Tie lines are established in the three-phase balance between polymer, solvent and nonsolvent. The
inclusion of additives in the nonsolvent bath is a frequent tactic to shift the point of precipitation,
which requires the construction of a second diagram or simple empirical study in order to
determine the optimum concentration for the desired impact on the phase separation process. 19, 29
1.7.5 ASM finishing techniques
The phase separation process is an effective way to produce a selective membrane structure
from a single material in a simple and efficient manner, although producing a defect-free
membrane is a challenge. To resolve any pinholes that may have formed, the membrane goes
through an annealing step post-production, by submerging into a high temperature bath, with the
exact conditions depending on the chemical structure of the membrane.
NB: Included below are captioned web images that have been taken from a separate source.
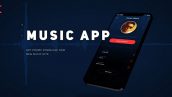 Preview Music App Promo Presentation 21129693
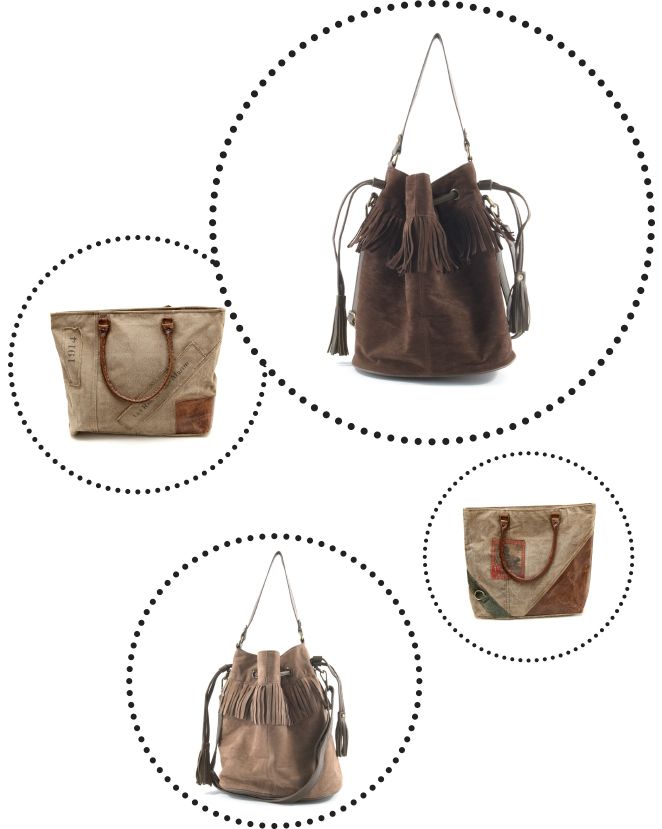 Sorteo de 4 bolsos para tu look casual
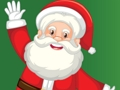 Gioco Trova la stella d'oro per Babbo Natale  in linea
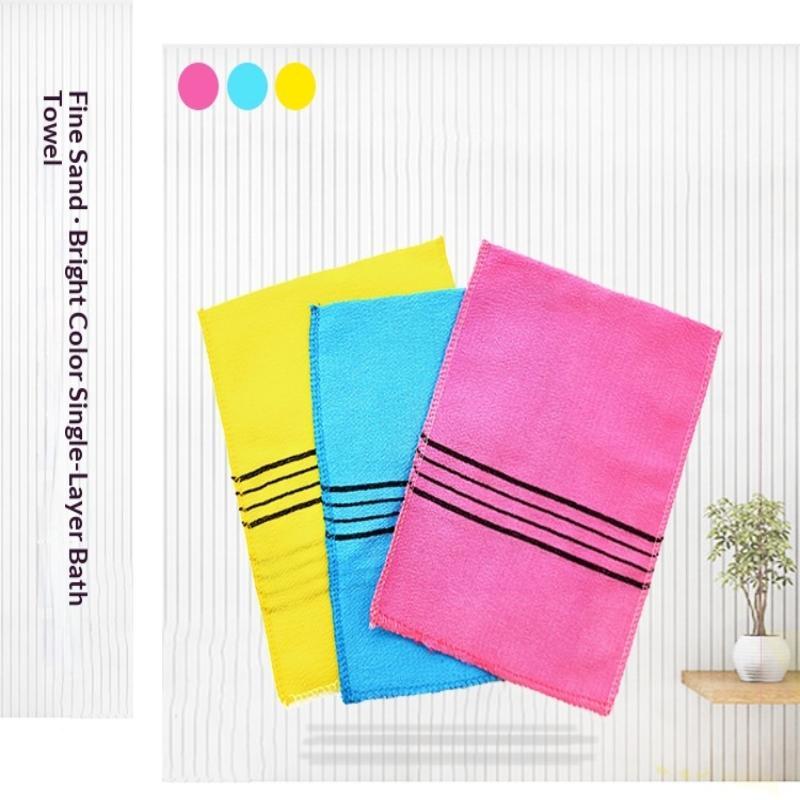 5Pcs Exfoliating Bath Gloves, Deep Cleansing Dead Skin Remover Wash Cloth For Body Shower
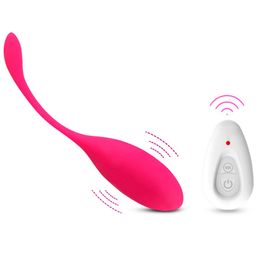 10/12/16 Speed Remote Control Vibrating Bullet Egg Vibrator Sex Toy for Woman USB Recharging Clitoris Stimulator Vaginal Massage CY200520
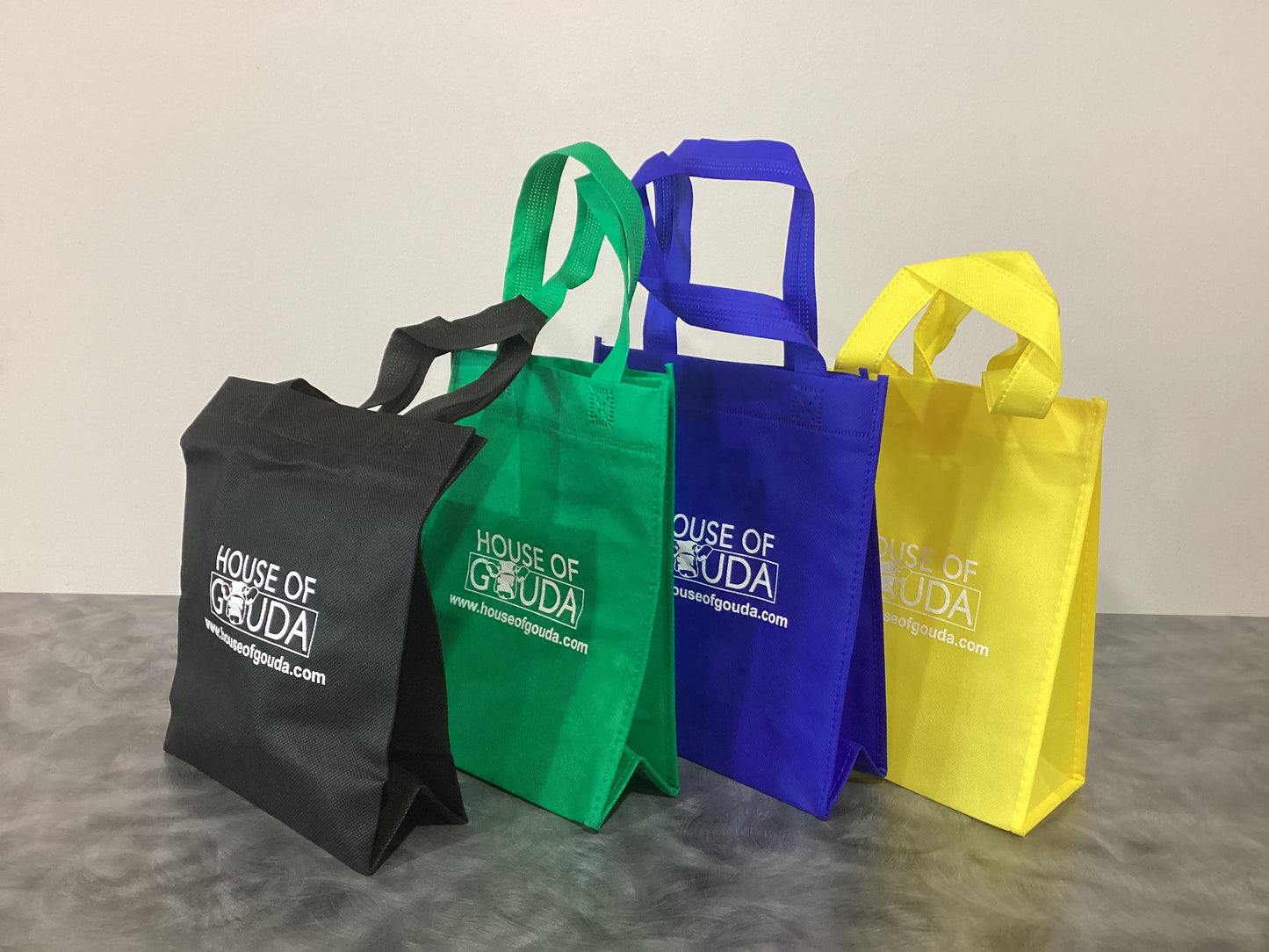 Reusable House of Gouda Bag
This step causes small
pores and pinholes to collapse as the membrane approaches its hydrated glass transition
temperature, however it also causes thickening of the selective layer through the collapse of the
narrower end of the pore gradient, which is next to the skin layer.182, 183 This reduces the flux of
the membrane and so is applied carefully. 19, 29
In asymmetric membranes cast for gas separation, pinholes are sometimes resolved by the
introduction of what is termed a ‘gutter layer’ which is the application of a very thin layer of highly
permeable material over the selective layer of the ASM. While the gutter layer still permits the
easy and rapid passage of both the desired permeate and the components which are ideally
excluded, it does provide a barrier to the fluid flow behavior of the undesired components.
Likewise, it greatly improves rejection behavior in the event of one or several pinholes in the
membrane.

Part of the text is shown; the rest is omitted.